I want to optimize only some variables. For example, create a Tensor, and then pass only a part of it to the optimizer. However, I am getting can't optimize a non-leaf Tensor error. Is there a way to do what I am trying to do?

I have attached a minimal example below. In this case, I want to optimize the source vector such that it matches the target, but I want only the middle 6 elements/parameters of the source vector to be optimized/change, and I don’t want to use masked loss to accomplish this.

import torch
import torch.optim as optim
import torch.nn as nn
target = torch.randn(10)
print('target: ', target)
# I want to optimize the source vector such that it matches the target
source = torch.Tensor(10).requires_grad_(True)
print('source: ', source)
# making sure source requires grad, while target doesn't
print('target req grad: ', target.requires_grad)
print('source req grad: ', source.requires_grad)
# passing only some parameters (middle 6, in this case) to the optimizer
optimizer = optim.SGD([source[2:-2]], lr=0.001)
criterion = nn.L1Loss()
starting_diff = criterion(target, source)
print('starting diff: ', starting_diff)
# actual optimization loop
while criterion(target, source) > 0.01:
optimizer.zero_grad()
loss = criterion(target, source)
print('loss: ', loss)
loss.backward()
optimizer.step()

No, this won’t be possible as slicing a tensor will create a non-leaf tensor. You could create the sliced tensor with requires_grad=True, pass it to the optimizer, and concatenate or stack it with the other tensor before using it in the actual operation. Alternatively, you could also try to zero out the gradients of the parts of the tensor which should not be updated.
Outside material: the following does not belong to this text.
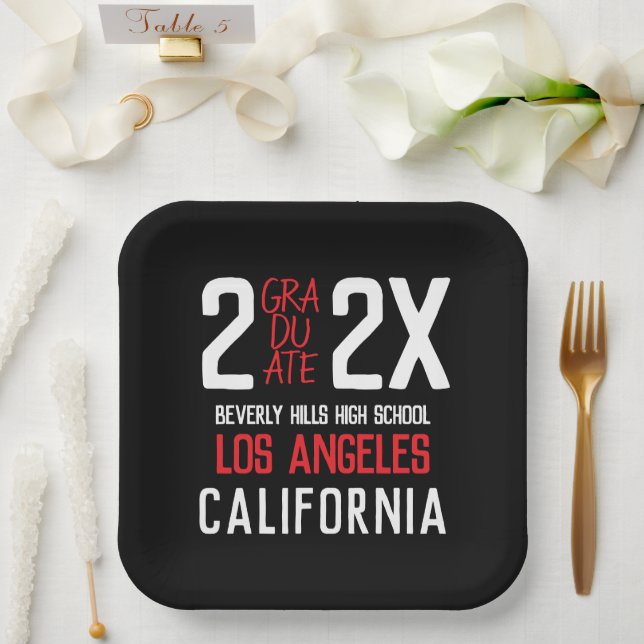 Assiettes En Carton Bold Classe moderne de 2025 Graduation (Mariage)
Hi @ptrblck, Thank you very much! Concatenating approach works perfectly! I also want to give ‘zeroing out the gradients’ approach a try, but not sure how to zero out the gradients of individual parameters/parts of the tensor. Could you please tell?
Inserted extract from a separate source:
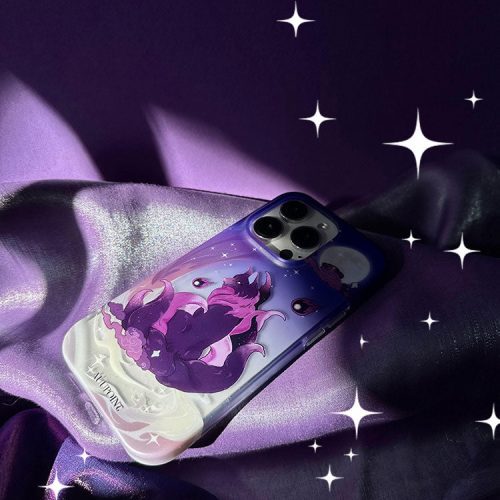 CartoonPurpleFoxPrintedPhoneCase3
You could directly assign zeros to the .grad slice e.g. via lin.weight.grad[2:4, 2:4] = 0., but you would have to be careful about this approach. If you are using an optimizer with running stats (such as Adam) and these parameters were already updated before (i.e. the running stats contain valid values for the gradient slice) then they would still be updated even if the gradient was set to zero.
I would thus claim that your current approach is less error prone.
Here is a small example:

# setup
lin = nn.Linear(10, 10, bias=False)
optimizer = torch.optim.Adam(lin.parameters(), lr=1.)
x = torch.randn(1, 10)
# zero gradients of parameters which were never updated
out = lin(x)
out.mean().backward()
lin.weight.grad[2:4, 2:4] = 0.
print(lin.weight[2:4, 2:4])
optimizer.step()
print(lin.weight[2:4, 2:4]) # equal
optimizer.zero_grad()
# full update
out = lin(x)
out.mean().backward()
print(lin.weight[2:4, 2:4])
optimizer.step()
print(lin.weight[2:4, 2:4]) # updated
optimizer.zero_grad()
# zeroing out the gradients is not sufficient anymore
out = lin(x)
out.mean().backward()
lin.weight.grad[2:4, 2:4] = 0.
print(lin.weight[2:4, 2:4])
optimizer.step()
print(lin.weight[2:4, 2:4]) # updated !!!
optimizer.zero_grad()